Comics Were the First Written Language
In which we discover the history of comics is the history of human civilization.
Note that Bill has been giving a version of this posting as a speech for many years now, such as his Guest of Honor Speech at the 2011 World Science Fiction Convention Reno, and is delighted that other comic artists and writers are beginning to make reference to it, if only rarely and never (so far) with attribution.
The 40 thousand year old Lascaux Cave Paintings were discovered in 1940 by a dog named Robot, who fell into a hole. Robot was followed by his owner, 18 year old Marcel Ravidat, who’s most often credited with the discovery, but that’s just blatant speciesism.
Since then primitive cave paintings have been discovered all over the world, some dating back perhaps as many as 70 thousand years. And since then scholars have argued over what they mean. What were they for? Why were they only done in these remote and almost inaccessible places?
Yeah, I know. Leave it to academics to fail to see the obvious. They weren’t only painted in remote and inaccessible places. They were painted everywhere, but these were the ones that survived the millennia of human contact, weather, and such that wore the other markings away.
What were they for? They were for many things, because we don’t just confine our expressions and innovations to one or two narrowly-defined purposes. They were historical depictions of great deeds, and terrible disasters. They were calendars, marking, “this is the time of the rising rivers,” followed by, “this is when the herds return,” and so on. They were invocations to the gods and civil records of who lived here over time.
What did they mean? Everything. All that was of interest.
And here’s the one bit no scholar ever considered: Since these were graphic images placed in sequence in order to tell a story, the cave paintings were comic books.
No, they weren’t stories printed on paper, and mass produced for distribution, but that’s just a difference in delivery platforms. Graphic images placed in a sequence to tell a story is the irreducable bedrock definition of comic books.
Our first written language was comics, and all of human civilization is based on them. All of written language began as images. They changed over time, adapting, slowly becoming formalized into Sumerian Cuneiform, and Egyptian hieroglyphs, and ancient Chinese, and dozens of other languages, all of which began as pictures. And some modern languages still use pictographic symbols.
Thank comics.
Without comics as our first written language, even the most basic records could not be kept, which means civilization never would have gotten underway.
Why harp on this? Because I’ve been in this business more than 40 years, during which time comics have often been treated as the idiot stepchild of literature. Librarians used to swear no comic books would ever assail the sacred bastions of their stacks. Playwrights, filmmakers, and even the worst hack prose writers would poo poo comics as a gutter medium, suited only for children and imbeciles.
That’s changed some lately. Comics are now the coin of the realm in libraries, where circulation figures are the standard by which all worth is measured. Movie moguls and prose writers try to break into comics, and build multi-billion dollar franchises from the stories first told by these cartoonists who could barely scrape out a living from their creations.

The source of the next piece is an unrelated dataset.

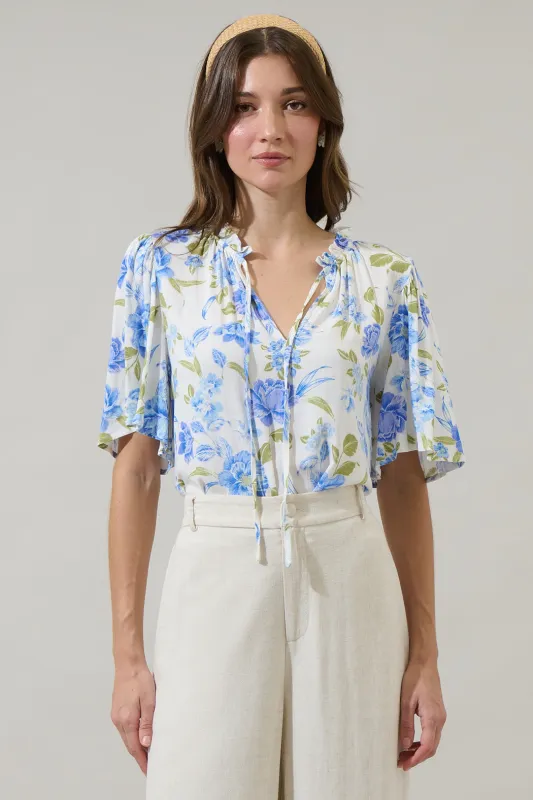 Milla Floral Ruffle Split Neck Dupont Top sold by Sugarlips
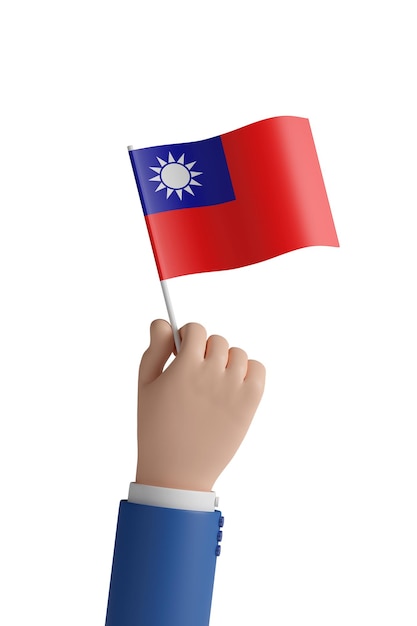 Main de dessin animé avec le drapeau de la République de Chine isolé sur fond blanc illustration 3d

But the hard core “real” writers still look down their noses at us, even though the written languages they traffic in are barely a few thousand years old. The first pure alphabets (properly called abjads, or so I’m told) mapping single symbols to single phonemes, only emerged around 1800 BC, which is brand new compared to the vast ages of comics.

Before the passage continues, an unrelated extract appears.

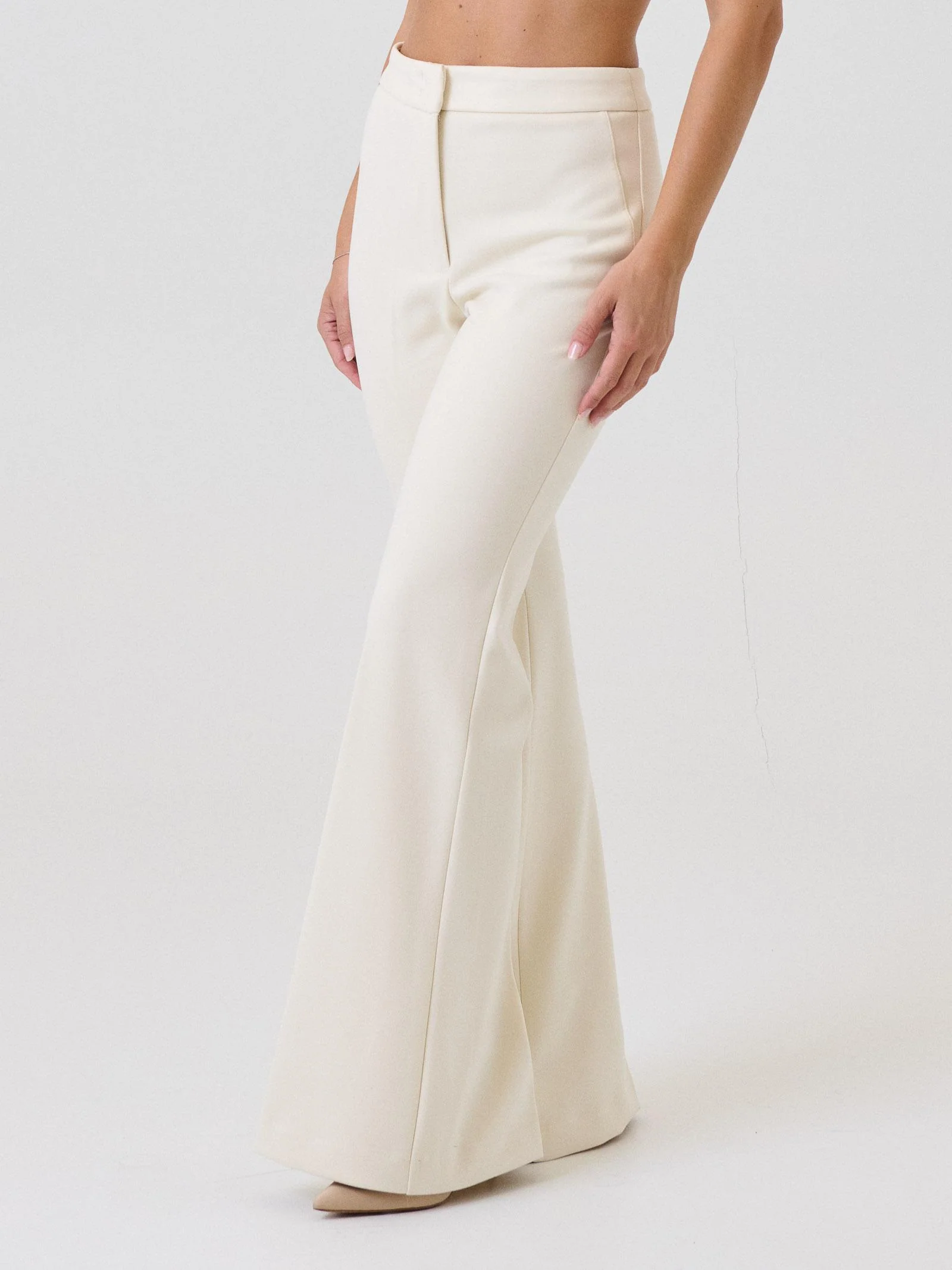 Pantalone a zampa Bohemian Vì bianco latte - Image 2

So then, here’s my message to you Johnny-come-latelies plying your newfangled prose works: “You’re very welcome to join in. It’s a big pool. There’s plenty of room, and the storytelling trade can accommodate any new mechanism and medium in order to get stories told. We won’t ever look down on you the way you did to us.
“Will your new prose and film mediums stand the test of time? Who knows? Stick around long enough and I guess we’ll see. Will they ever accomplish as much for the human race as comics has done? No, because civilizations have risen via comics. Mankind has been transformed into a literate animal from comics, and it all happened long before you came along. Still, keep plugging away. You’re doing good work so far. We’re rooting for you, kiddo.”
And who knows? Civilizations may fall once again. The smart money says, given enough time and human folly, it’s almost certain we’ll someday tumble back into base savagery. But here’s the thing. When and if that happens, it still won’t be prose writing that drags us back into civilized enlightenment again. Prose alphabets are entirely symbolic constructs and have no relationship to reality. Pictures however, even simple ones, depicting things we see and know in nature, will always do the trick.
We’re hardwired with the ability to convert graphic images in a sequence into story information. That’s why you have to work so hard to acquire a new written language, but a comic in any language can be more or less understood at a glance — provided the pictures carry most of the weight of telling a good story.
That’s why we still put important stuff in pictures.
Don’t worry. When civilization does fall, we’ll save the day again, for which, you’re welcome.
This is my favorite of all your blog posts and probably in the top 10 of my favorite Willingham works (especially if I can count all of Fables as one work).
Well, "real " writers probably do look at 90% of comics as crap, but of course 90% of everything is crap. I seem to recall that you got some respectable establishment types to write some nice introductions to some of the Fables collections, though.